[WHAT THIS TASK INVOLVES]: Only the lines from the line containing "be attributed direc..." to the end of the material belong in the copy; set them down exactly, without pictures.
Top of GIVEN DATA
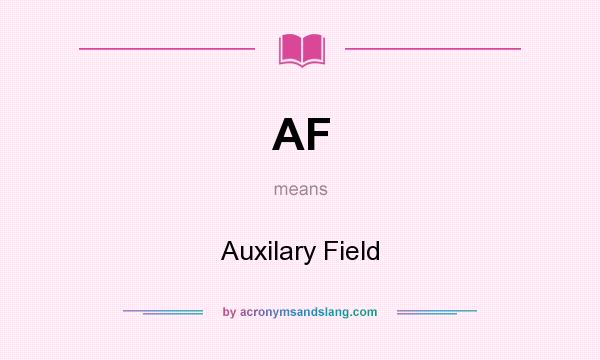 What does AF mean? It stands for Auxilary Field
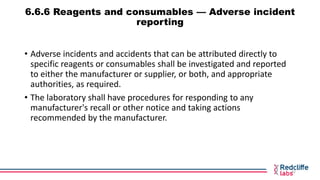 6.6.6 Reagents and consumables — Adverse incident
reporting
• Adverse incidents and accidents that can be attributed direc...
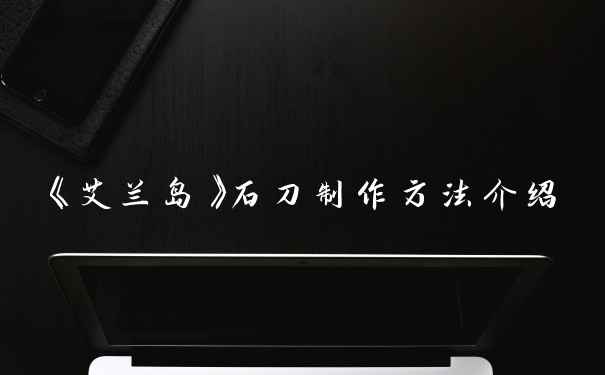 《艾兰岛》石刀制作方法介绍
Bottom of GIVEN DATA
[EXERCISE OUTPUT]:
• Adverse incidents and accidents that can be attributed direc...
 《艾兰岛》石刀制作方法介绍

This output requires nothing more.